### What is being asked
Starting from the line containing "Garrafa de vinho", give again every line through the end of the entries, word for word. Pictures stay out of the copy.
***** Recorded information *****
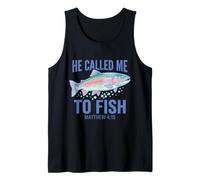 He Called Me to Fish Matthew 4 19 Bible Verse Tank Top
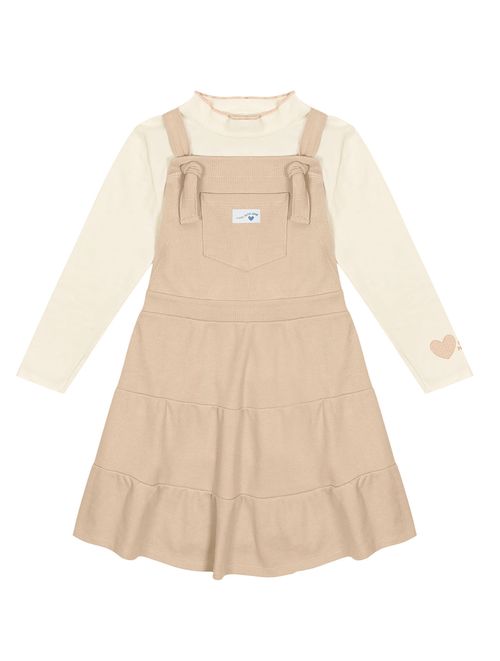 Conjunto Blusa E Salopete Três Marias Natural E Bege Abrange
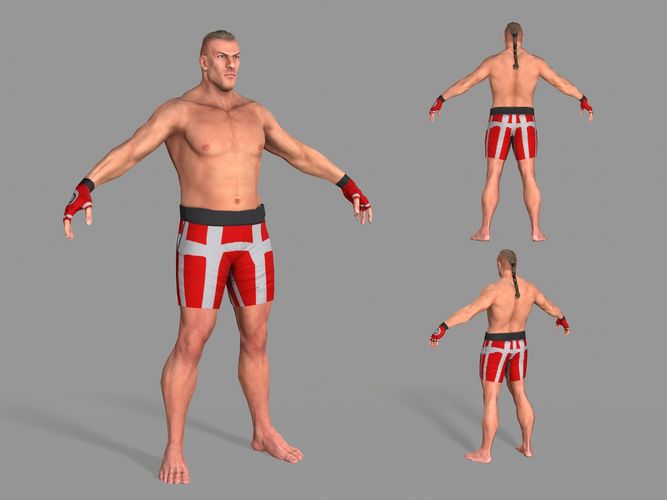 UFC Boxer Low-poly 3D model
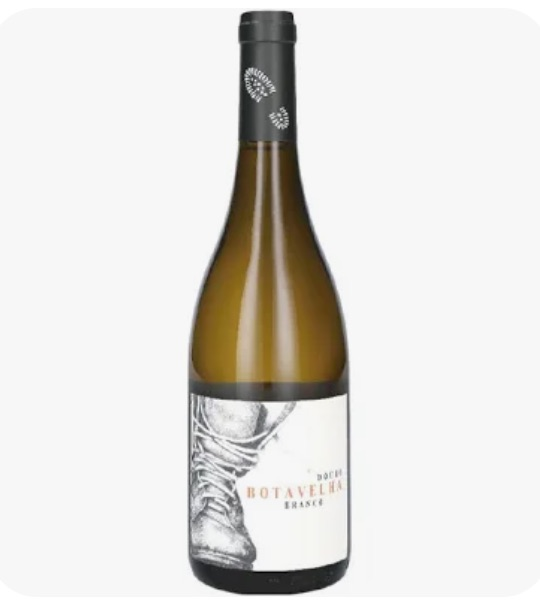 Garrafa de vinho branco Botavelha Branco com rótulo de bota e tampa preta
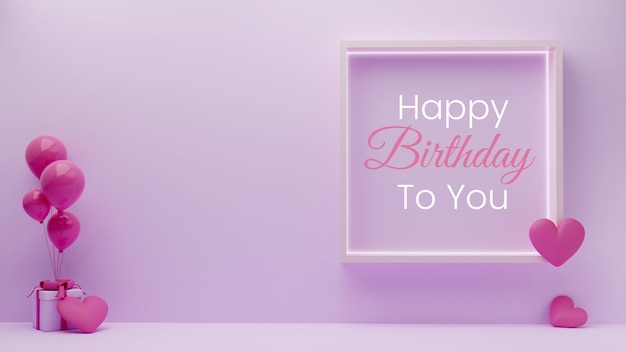 PSD happy birthday landing page 3d render template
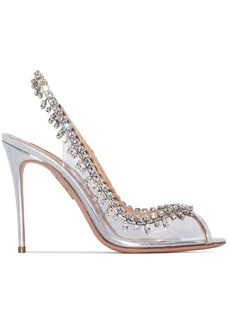 Aquazzura Temptation 105mm crystal-embellished slingback sandals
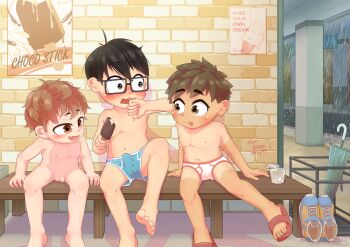 2022 3boys absurdres barefoot black_hair blush brown_eyes brown_hair glasses highres male_focus multiple_boys nude original penis rain sandals shota smile testicles tongue tongue_out toxyz uncensored underwear yaoi
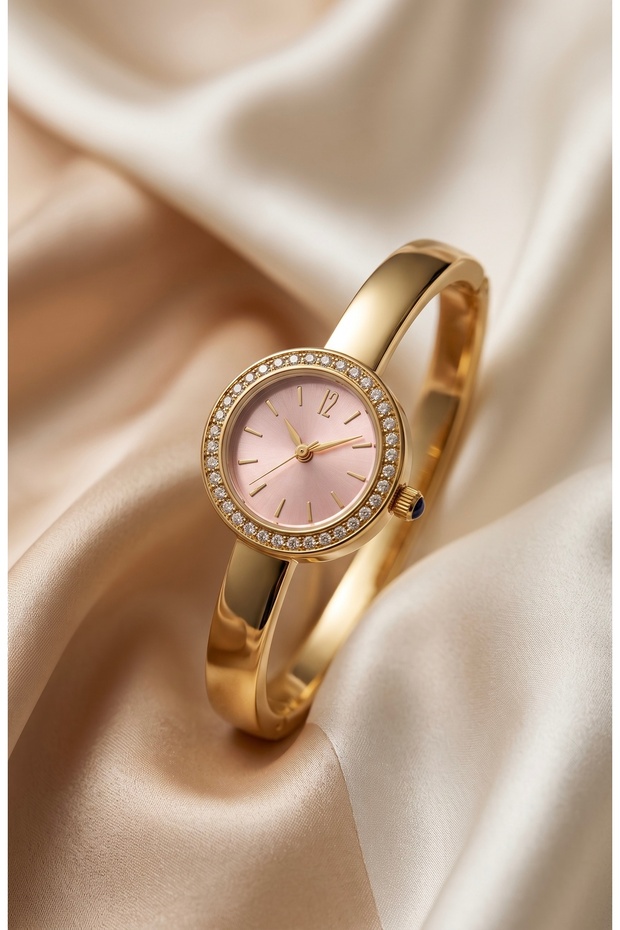 De Ronde Women's Steel Watch Gold Color & Pink Dial Clamshell Vintage Watch Old Money Luxury Classic Elegant Stylish Women's Wristwatch | Limited Edition 2026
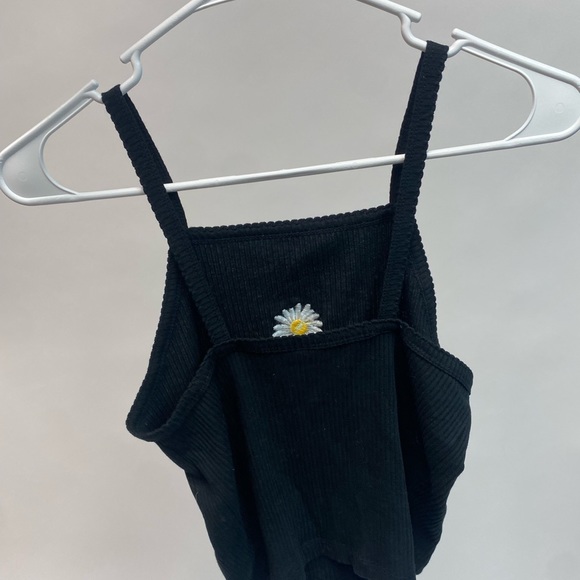 Wild Fable - cute black tank with flower patch - Picture 2 of 3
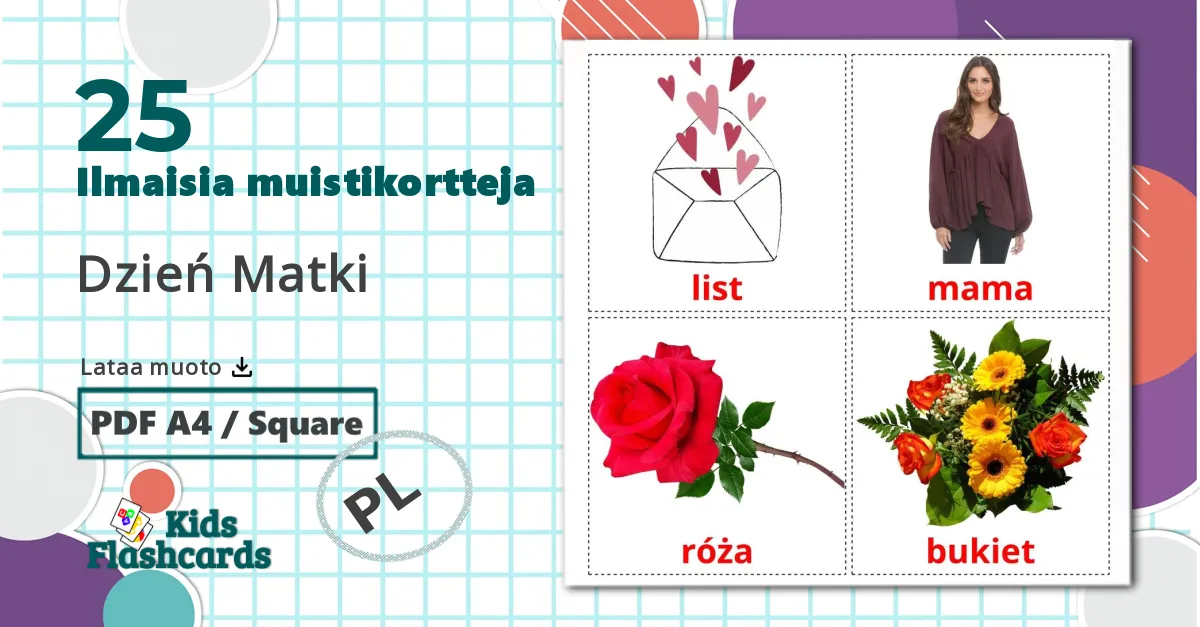 25 Dzień Matki lasten kuvakortit
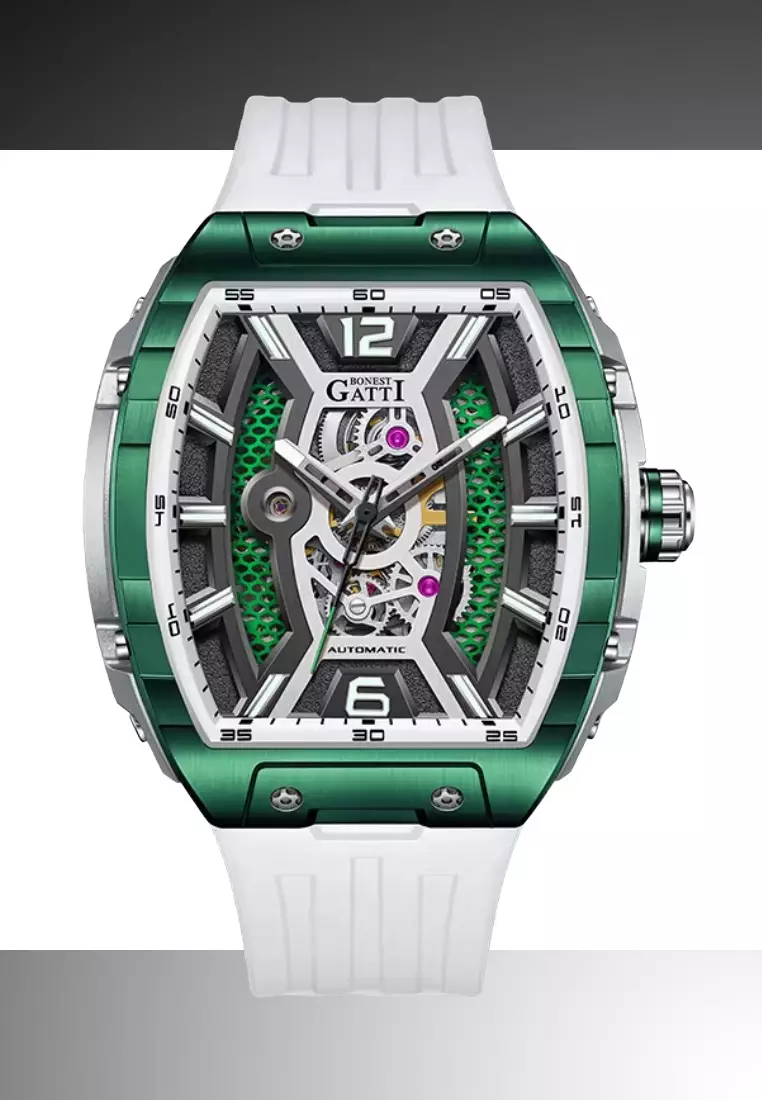 自動中性不鏽鋼手錶，橡膠錶帶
*****
### Output
 Garrafa de vinho branco Botavelha Branco com rótulo de bota e tampa preta
 PSD happy birthday landing page 3d render template
 Aquazzura Temptation 105mm crystal-embellished slingback sandals
 2022 3boys absurdres barefoot black_hair blush brown_eyes brown_hair glasses highres male_focus multiple_boys nude original penis rain sandals shota smile testicles tongue tongue_out toxyz uncensored underwear yaoi
 De Ronde Women's Steel Watch Gold Color & Pink Dial Clamshell Vintage Watch Old Money Luxury Classic Elegant Stylish Women's Wristwatch | Limited Edition 2026
 Wild Fable - cute black tank with flower patch - Picture 2 of 3
 25 Dzień Matki lasten kuvakortit
 自動中性不鏽鋼手錶，橡膠錶帶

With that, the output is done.